Why Israel’s Official Rabbinate Should Relinquish Some of Its Power https://mosaicmagazine.com/picks/israel-zionism/2016/01/why-israels-official-rabbinate-should-relinquish-some-of-its-power/

January 6, 2016 | Elli Fischer
About the author: Elli Fischer, a rabbi, writer, and translator, is pursuing graduate studies in Jewish history at Tel Aviv University.

According to an Israeli law passed in 2013, rabbis like Elli Fischer who perform halakhic marriages outside the purview of the chief rabbinate can be punished with up to two years in prison. But unlike other religious critics of the institution—which comprises not just the two chief rabbis but an entire network of local rabbis, religious courts, and kashrut supervisors, along with a bureaucratic apparatus for performing marriages and conversions—Fischer believes that it cannot be reformed but must be fundamentally changed so as to limit its power:

The problem with the chief rabbinate and the related Ministry of Religious Services is not that they have deviated from their historical mission and are now malfunctioning. By design, the chief rabbinate reduces rabbis to bureaucrats. As a government agency like any other, it is subject to partisan wrangling and the temptations of patronage and corruption. Worse, it is particularly ill-suited to functioning as a government bureaucracy. [As a] historical institution, the [Jewish clergy] traditionally functioned on the basis of collegial trust, the flexibility to address unique circumstances, and tolerance of local differences. . . . [Forcing it to become] part of a rigid, regulated, centralized, and bureaucratic regime . . . has made it monstrous.
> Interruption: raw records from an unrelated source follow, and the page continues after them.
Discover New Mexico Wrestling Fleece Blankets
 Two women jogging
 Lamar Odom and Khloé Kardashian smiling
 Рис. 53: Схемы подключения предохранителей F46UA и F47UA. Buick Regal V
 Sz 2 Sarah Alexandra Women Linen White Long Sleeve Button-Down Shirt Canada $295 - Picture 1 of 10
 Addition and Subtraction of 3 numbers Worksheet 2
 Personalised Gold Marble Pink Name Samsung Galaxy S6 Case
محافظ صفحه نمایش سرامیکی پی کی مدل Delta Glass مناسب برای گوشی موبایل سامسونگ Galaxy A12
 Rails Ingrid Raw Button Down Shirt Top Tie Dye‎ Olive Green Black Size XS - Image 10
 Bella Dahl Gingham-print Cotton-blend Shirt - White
In recent polls, 71 percent of Israeli Jews expressed dissatisfaction with the chief rabbinate and about 65 percent favored its dissolution. But what does “dissolution” mean in this context? What does the growing chorus of Israelis who demand “separation” of religion and state want?

It turns out that “separation” is not exactly the right word for what Israelis want. Even if it were, it would be politically unattainable. . . .

The goal, therefore, must not be to separate the Jewish religion from the Jewish state but to minimize the degree to which religious institutions exercise the coercive power of the state.